6. Cancellation and Termination:
Buyer may at any time terminate this order in whole or in part for its convenience upon written notice to Seller in which event Seller shall be entitled to reimbursement for its actual and reasonable expenses incurred in performing work hereunder through the date of such termination.
7. Warranty:
Seller warrants to Buyer and its customers that all goods to be delivered under this Purchase Order will be of merchantable quality, free from any latent or patent defects, will conform to Buyer's specifications or samples, and will be safe for their intended use. Seller will indemnify and hold Buyer and its customers harmless against all liability and expenses, including counsel fees, arising from any breach of the warranties given hereunder.
8. Confidentiality:
Seller shall not, without first obtaining Buyer's prior written consent, disseminate the fact that Seller has furnished or has contracted to furnish to Buyer the services or items covered by this Purchase Order. The specifications, drawings, designs and any other information transmitted to Seller by Buyer in conjunction with this Purchase Order are the property of Buyer and are disclosed in confidence upon the condition that they not be reproduced, copied or used by Seller for any other purpose detrimental to the interest of Buyer.

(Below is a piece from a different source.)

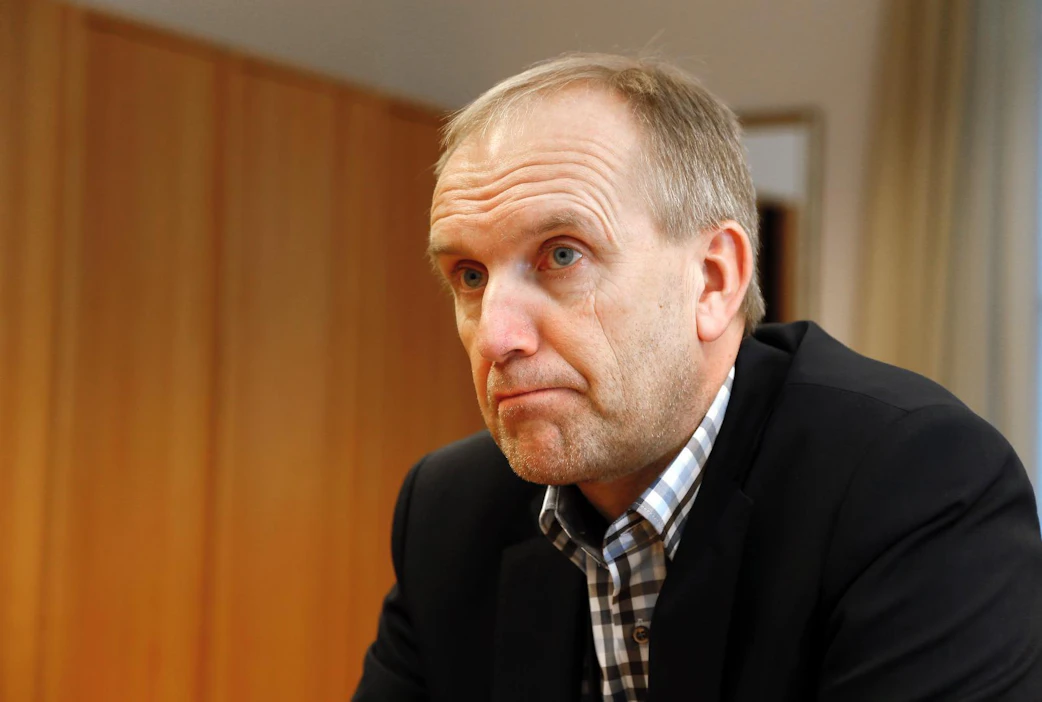 Juha S. Niemelän mukaan hallitus sorvaa metsänomistajien sukupolvenvaihdosta koskevan esityksen valmiiksi ennen kesälomia.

9. Limitation of Buyer's Liability:
In no event shall Buyer be eligible for anticipated profits or for incidental or consequential damages. Buyer's liability on any claim of any kind for any loss or damage arising out of or connected with or resulting from this agreement or from the performance of the breach thereof shall, in no case exceed the price applicable to the goods or services thereof which give rise to the claim. Buyer shall not be liable for penalties of any description. Any action resulting from any breach on the part of Buyer as to the goods or services delivered hereunder must be commenced within one year after the cause of action has accrued.
10. Changes:
Buyer reserves the right anytime to make changes in the materials or work orders; and if such changes cause an increase or decrease in work or costs, an equitable adjustment shall be made and this Purchase Order shall be modified in writing.
11. Remedies:
Buyer's remedies shall be cumulative and remedies herein specified do not exclude any remedies allowed by law or equity. Waiver of any breach shall not constitute waiver of any other breach of the same or any other provision. Acceptance of any items or payment therefore shall not waive any breach. Buyer shall have the right to withhold any money ever payable by it thereunder and to apply the same to any obligation of Seller to Buyer hereunder or otherwise.
12. Force Majeure:
Buyer may delay delivery and/or acceptance occasioned by any causes beyond its control.
13. Patents:
Seller shall indemnify and save Buyer harmless from any liability, loss, damage, judgment or award, including costs and expenses arising out of any claims or suits from infringement of patents or other rights purporting to cover the product ordered hereunder for its normal intended use. Seller shall, at its own expense, defend Buyer against such claims or suits, provided Buyer shall give Seller prompt notice in writing of such claims for suits and shall supply at Seller's expense all needed information.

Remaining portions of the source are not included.